Division of Pre-clinical Innovation, National Center for Advancing Translational Sciences (NCATS), National Institutes of Health (NIH), Rockville, Maryland 20850, United States.
State Key Laboratory of Environmental Chemistry and Ecotoxicology, Research Center of Eco-Environment Sciences, Chinese Academy of Sciences, Beijing 100085, China.
Chem Res Toxicol. 2020 Mar 16;33(3):731-741. doi: 10.1021/acs.chemrestox.9b00305. Epub 2020 Mar 3.

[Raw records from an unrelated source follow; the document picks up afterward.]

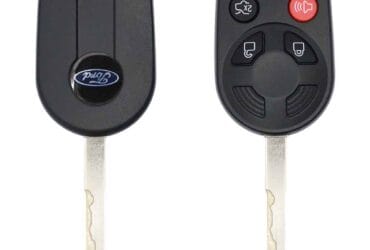 Clé télécommande Ford 2011-2019 4 boutons 315MHz HU101 CWTWB1U793 164-R8046 (UTILISÉE)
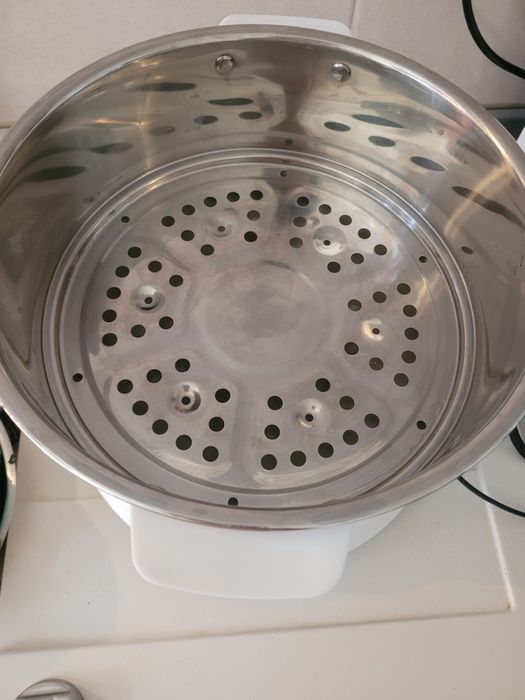 Aparat de gătit cu aburi TEFAL, 2 vase,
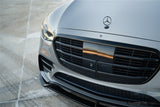 2021-UP Mercedes Benz S Class W223 4Matic Sedan MSY Style Front Bumper Vents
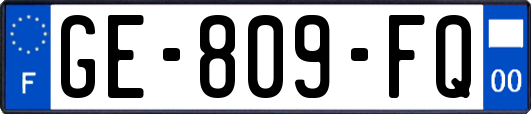 GE-809-FQ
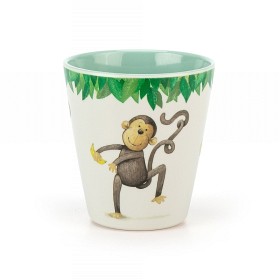 Bild på Jellycat Mugg Melamin (Apa)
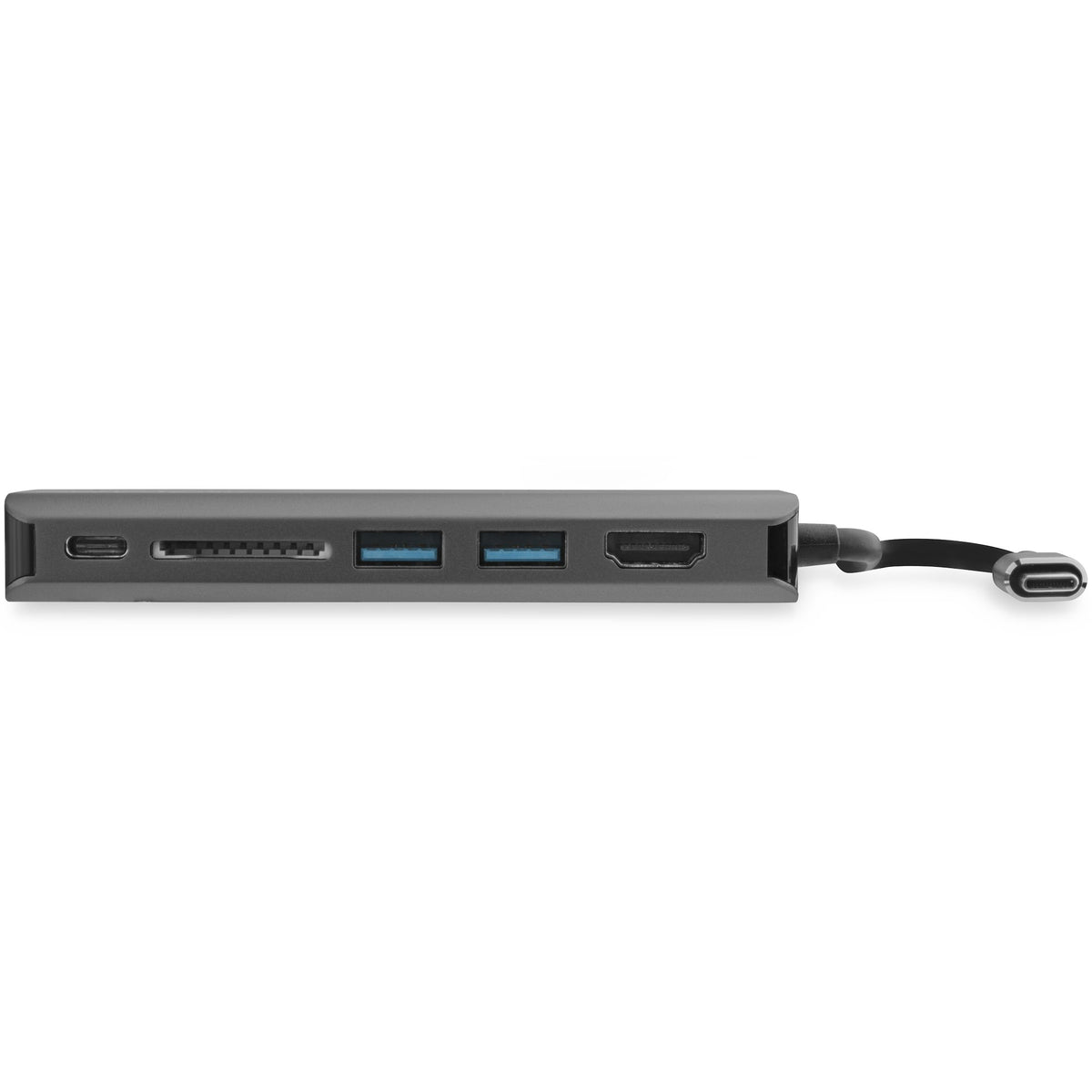 StarTech.com USB C Multiport Adapter mit 4K HDMI - USB-C Reisedock mit 4K HDMI, 3x USB 3.0 Hub, SD/SDHC Kartenleser, GbE, 60W PD 3.0 Pass-Through - USB-C/Thunderbolt 3 Reise-/Minidock
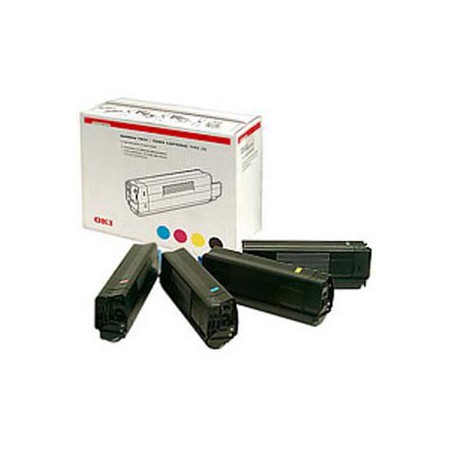 TONER OKI ORIG. C5100/5200/5300 PACK BK/A/M/C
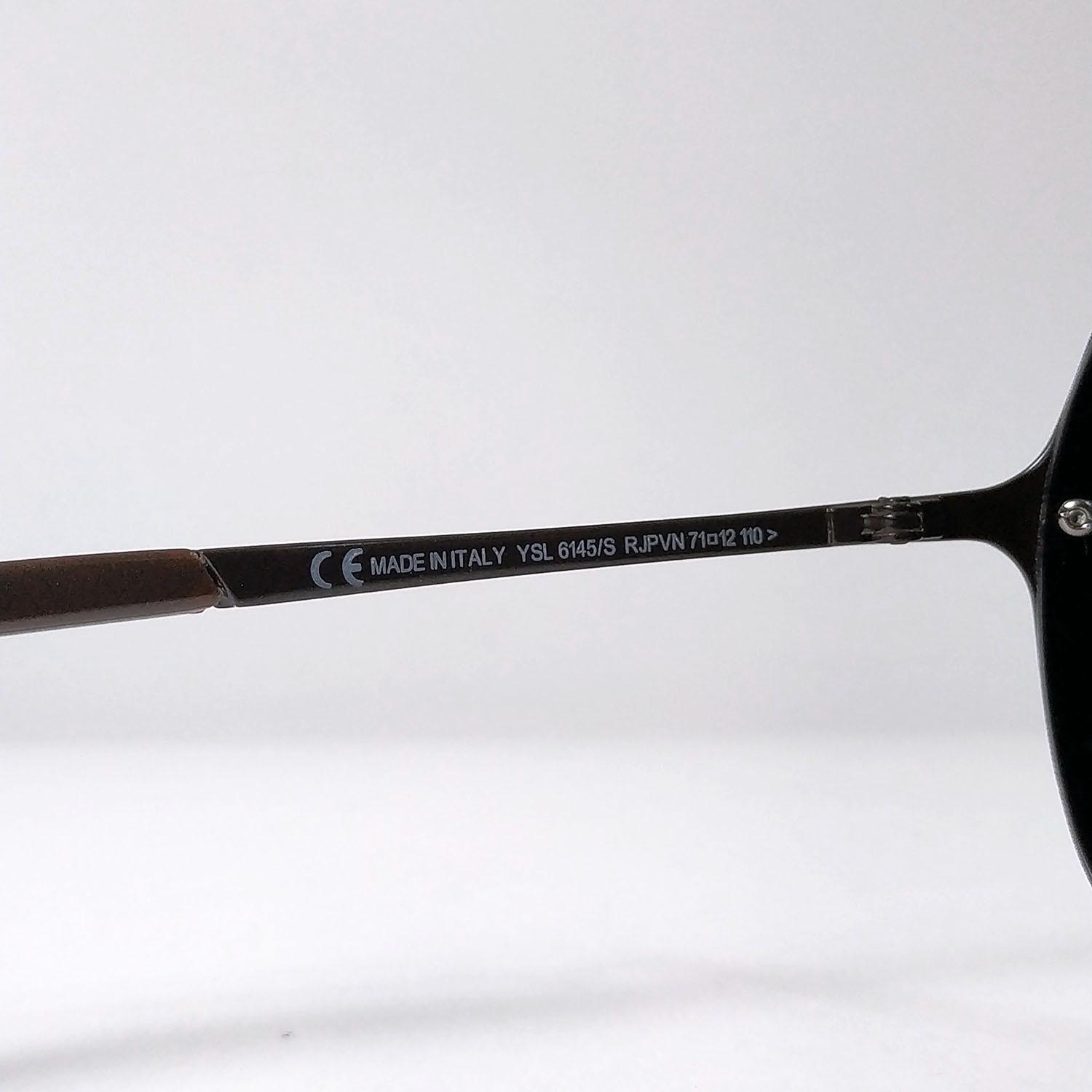 YSL (yves Saint Laurent) 6145/S Vintage Wrap Sunglasses  display picture 3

Traditional toxicity testing reliant on animal models is costly and low throughput, posing a significant challenge with the increasing numbers of chemicals that humans are exposed to in the environment. The purpose of this investigation was to build optimal prediction models for various human /organ-level toxicity end points (extracted from ChemIDPlus) using chemical structure and Tox21 quantitative high-throughput screening (qHTS) bioactivity assay data. Several supervised machine learning algorithms were applied to model 14 human toxicity end points pertaining to vascular, kidney, ureter and bladder, and liver organ systems. Three metrics were used to evaluate model performance: area under the receiver operating characteristic curve (AUC-ROC), balanced accuracy (BA), and Matthews correlation coefficient (MCC). The top four models, with AUC-ROC values >0.8, were derived for endocrine (0.90 ± 0.00), musculoskeletal (0.88 ± 0.02), peripheral nerve and sensation (0.85 ± 0.01), and brain and coverings (0.83 ± 0.02) toxicities, whereas the best model AUC-ROC values were >0.7 for the remaining 10 toxicities. Model performance was found to be dependent on the specific data set, model type, and feature selection method used. In addition, chemical structure and assay data showed different levels of contribution to the prediction of different toxicity end points. Although assay data, when combined with chemical structure, slightly improved the predictive accuracy for most end points (11 out of 14), a noteworthy finding was the near equal success of the structure-only models, which do not require Tox21 qHTS screening data, and the relatively poor performance of assay-only models. Thus, the top-performing structure-only models from this study could be applied for hazard screening of large sets of chemicals for potential human toxicity, whereas the largest assay contributions to models (i.e., cellular targets) could be used, along with the top-contributing structural features, to provide insight into toxicity mechanisms.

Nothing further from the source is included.